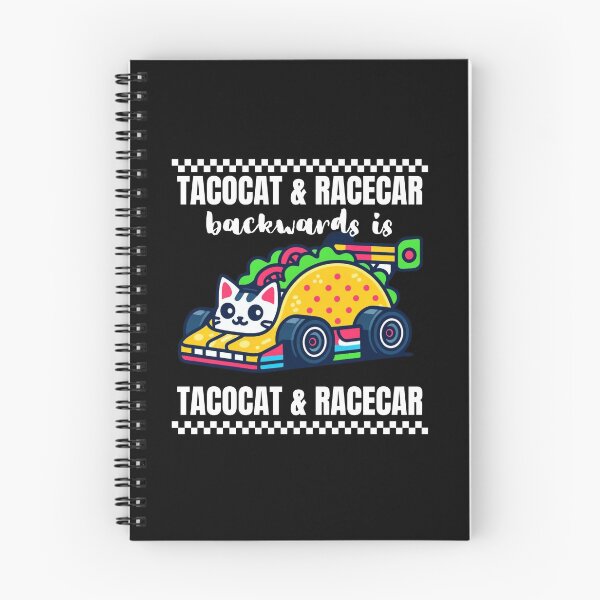 Item preview, Tacocat & Racecar Backwards is Tacocat & Racer designed and sold by BeansHotTees.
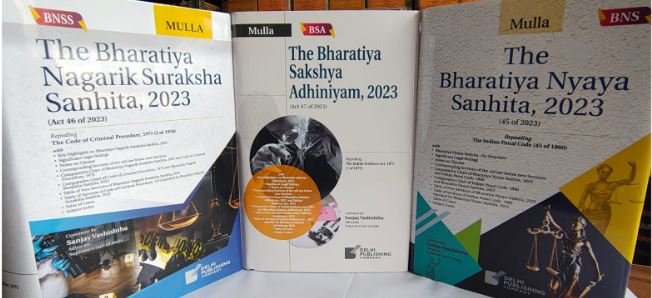 Bharatiya Nagarik Suraksha Sanhita, 2023, Bharatiya Nyaya Sanhita, 2023 & Bharatiya Sakshya Adhiniyam 2023 by Mulla – Edition 2024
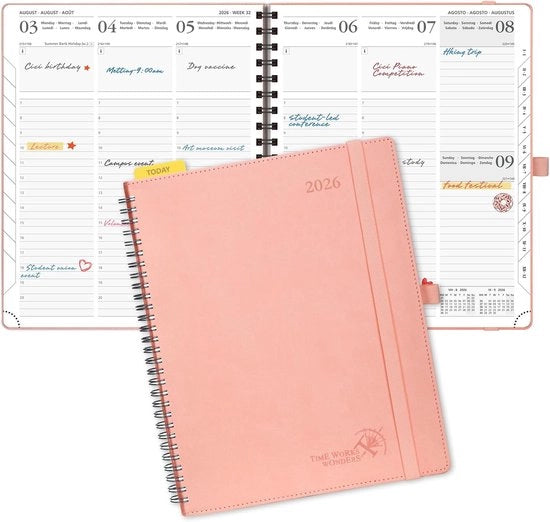 Agenda per Docenti 2025 2026 – Calendario per Insegnanti – Pianificazione Annuale per Docenti – Aggiornamento settimanale – Agenda per Notizie – Organizzatore per Insegnanti – Calendario per l'Istruzione – Pianificazione Giornaliera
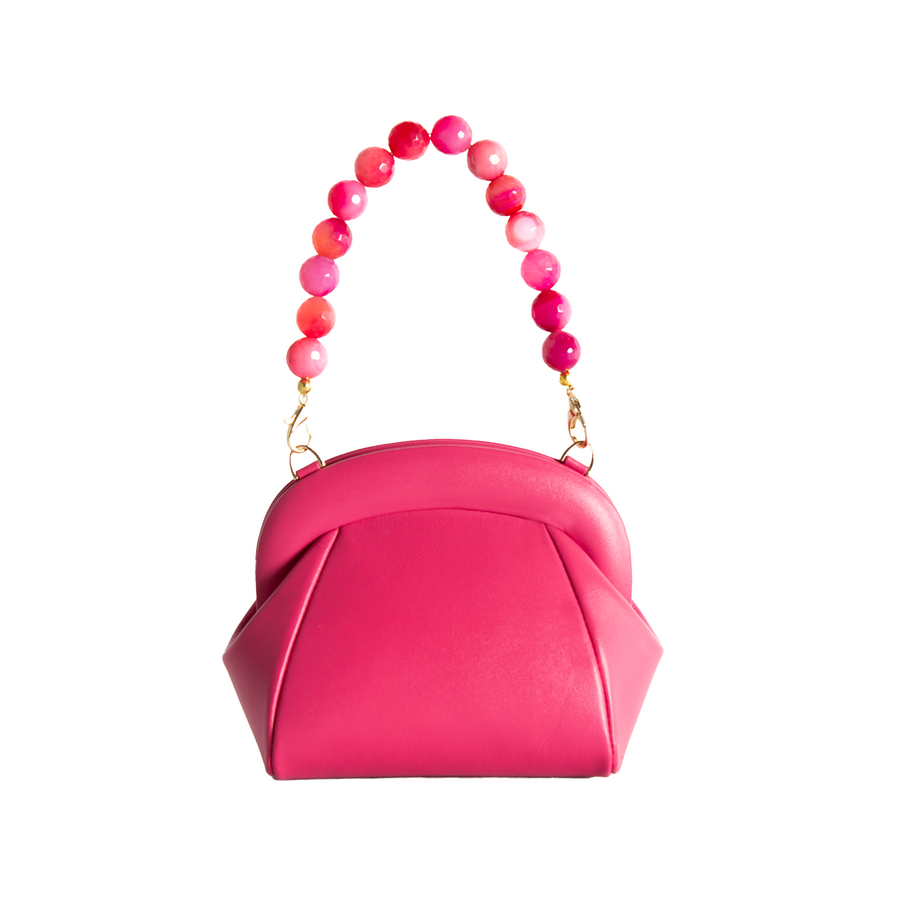 Hamsa Fuchsia Mini Bag Luxury Designer Mini Bag by ALIEL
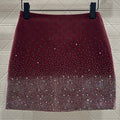New Fashion Versatile Quilted Mini Skirt 1025102404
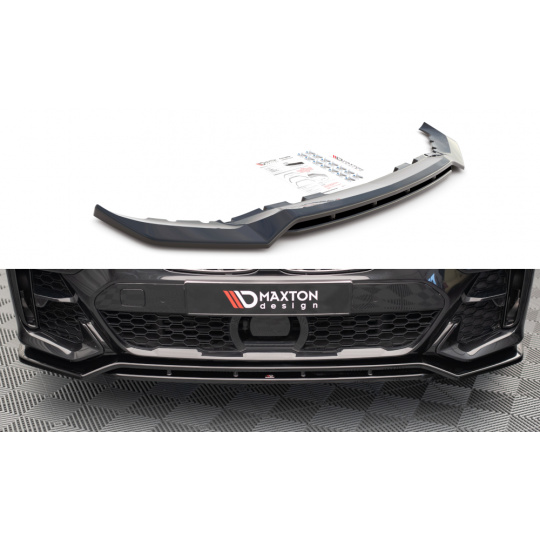 Maxton Design spoiler pod přední nárazník pro BMW X7 G07, černý lesklý plast ABS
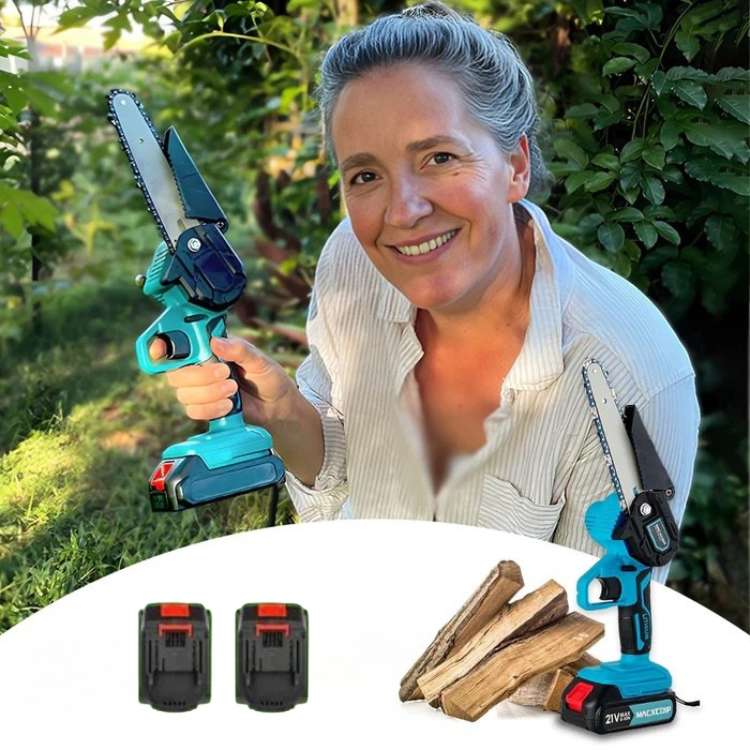 TimberLite 6-Inch Cordless Mini Chainsaw with Dual Battery Pack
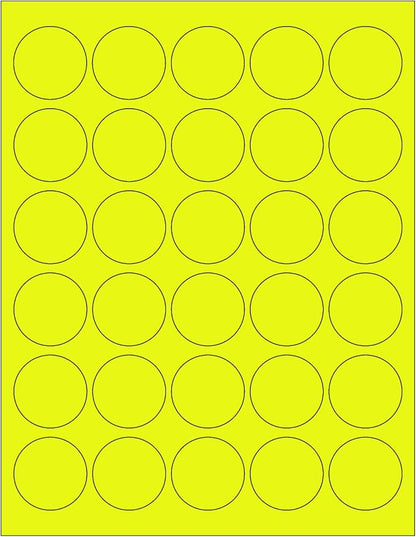 NextDayLabels - 8-1/2 x 11 Neon Color High Light Fluorescent Labels by NextDayLabels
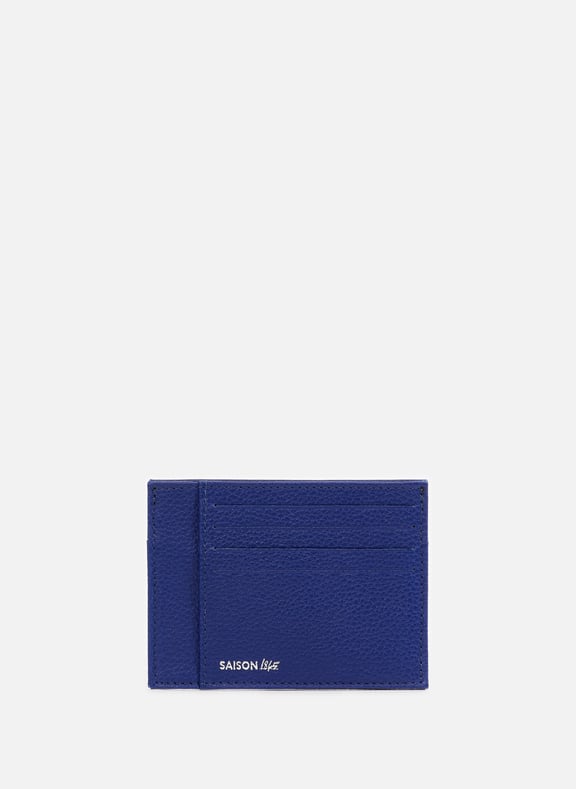 Porte-cartes en cuir Bleu by SAISON 1865 SAISON 1865 Porte-cartes en cuir Bleu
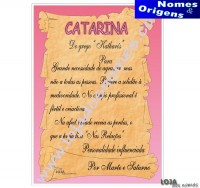 Dilpoma Nome "Catarina"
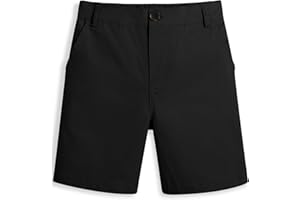 KEREDA Boys School Shorts Regular Fit Kids Cargo Shorts Cotton Summer Trousers with Pokets Elastic Waistband for Children 7-13 Years Black Grey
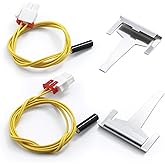 Clip Drain Evaporator with Defrost Temp Sensor by MIFLUS | Defrost Drain Clip AP5579885 and DA61-06796A,Refrigerator Defrost Sensor DA32-00006S and DA32-0006W for Sam-Sung Refrigerator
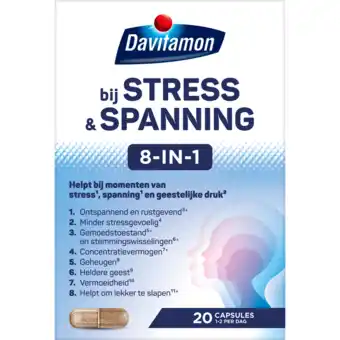 De Online Drogist Davitamon stress & spanning 8-in-1 capsules 20cp aanbieding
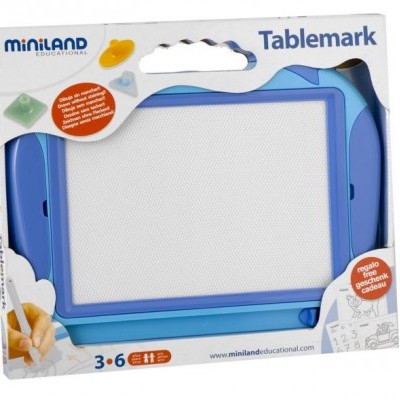 Quadro de desenho azul para crianças da Miniland Educational em embalagem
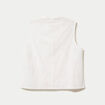 Chemise droite sans manches &agrave; relief ecru femme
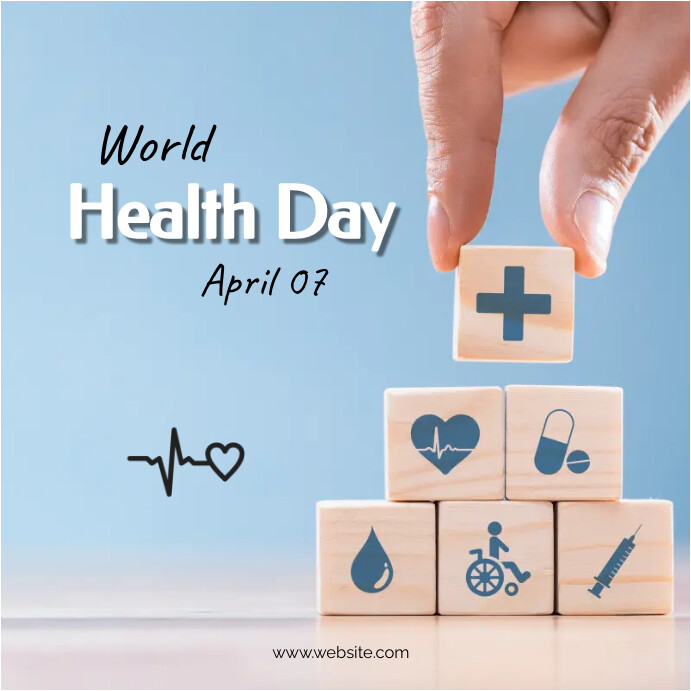 World health day organization Instagram Post template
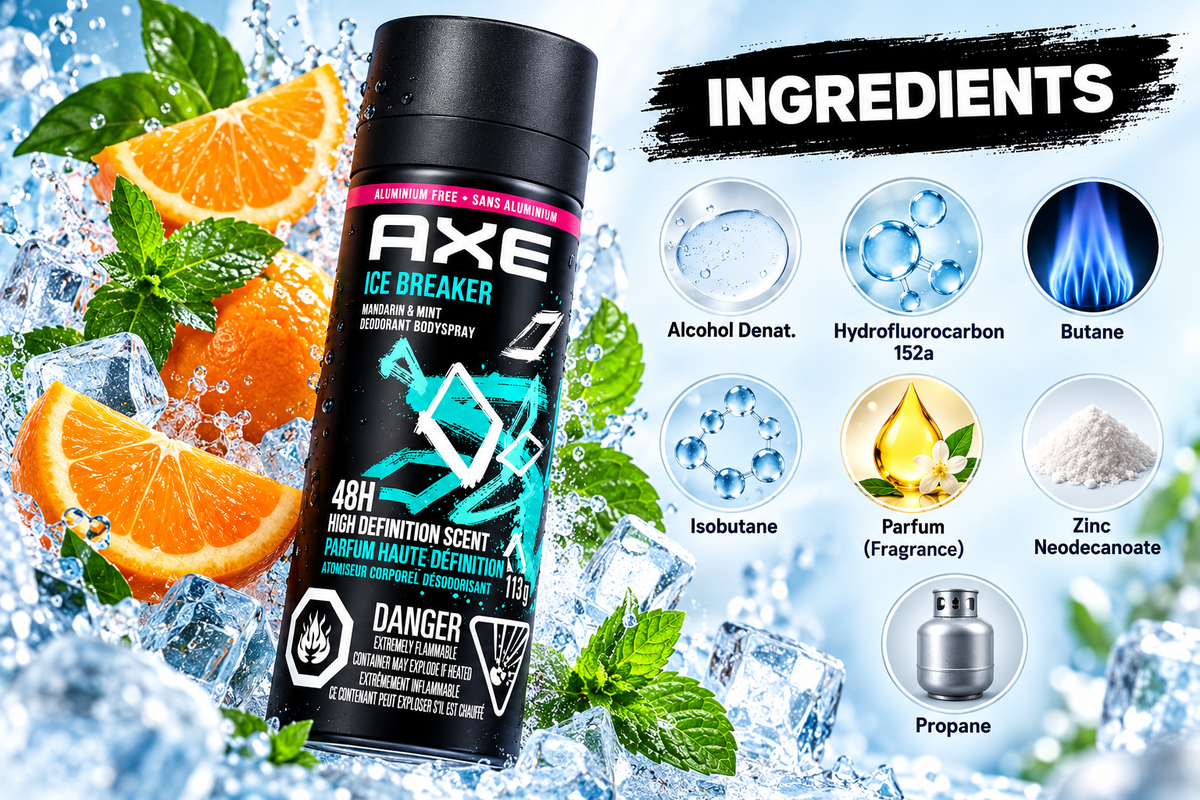 AXE Ice Breaker Mandarin & Mint Deodorant Body Spray 113 g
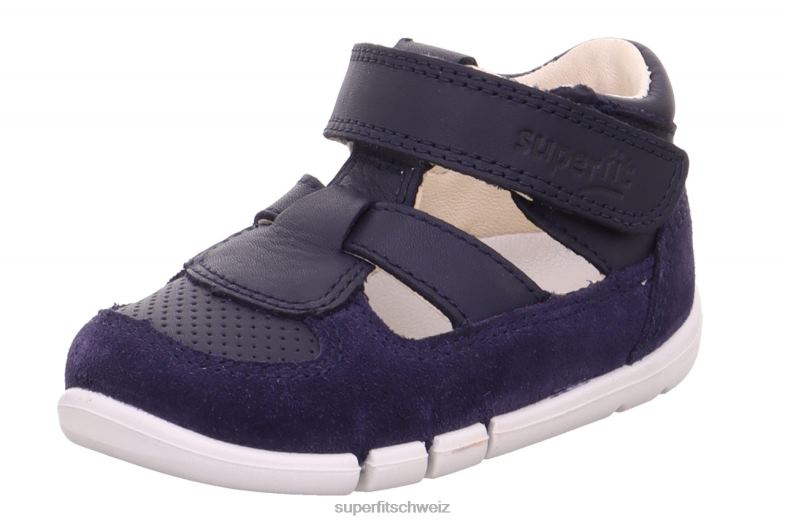Babys Sandalen 44B2D233 Superfit Flexy - Sandale mit Klettverschluss Blau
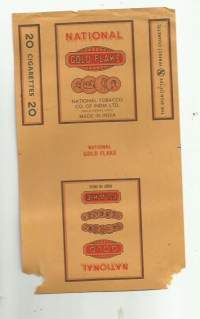 National Gold Flake   - savukerasian aihio  tupakkaetiketti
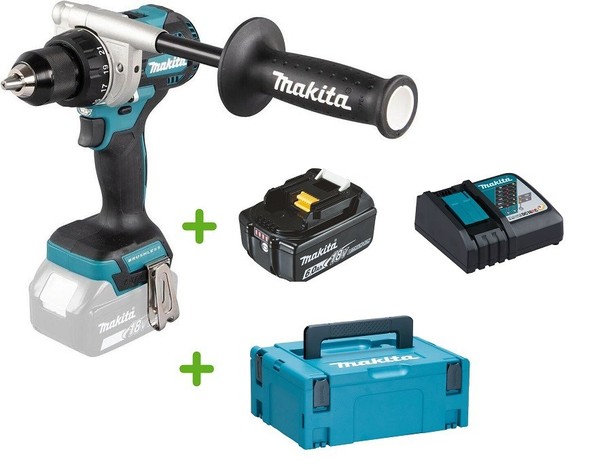 Makita DDF492Z 18V Akku-Bohrschrauber DDF492 Neu + Koffer + 1X 6Ah Akku + Lader-image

About this task
In the data above, find the line containing "AXE Ice Breaker", then output it and every later line exactly, without the pictures.

Result below
 AXE Ice Breaker Mandarin & Mint Deodorant Body Spray 113 g
Babys Sandalen 44B2D233 Superfit Flexy - Sandale mit Klettverschluss Blau
 National Gold Flake   - savukerasian aihio  tupakkaetiketti
 Makita DDF492Z 18V Akku-Bohrschrauber DDF492 Neu + Koffer + 1X 6Ah Akku + Lader-image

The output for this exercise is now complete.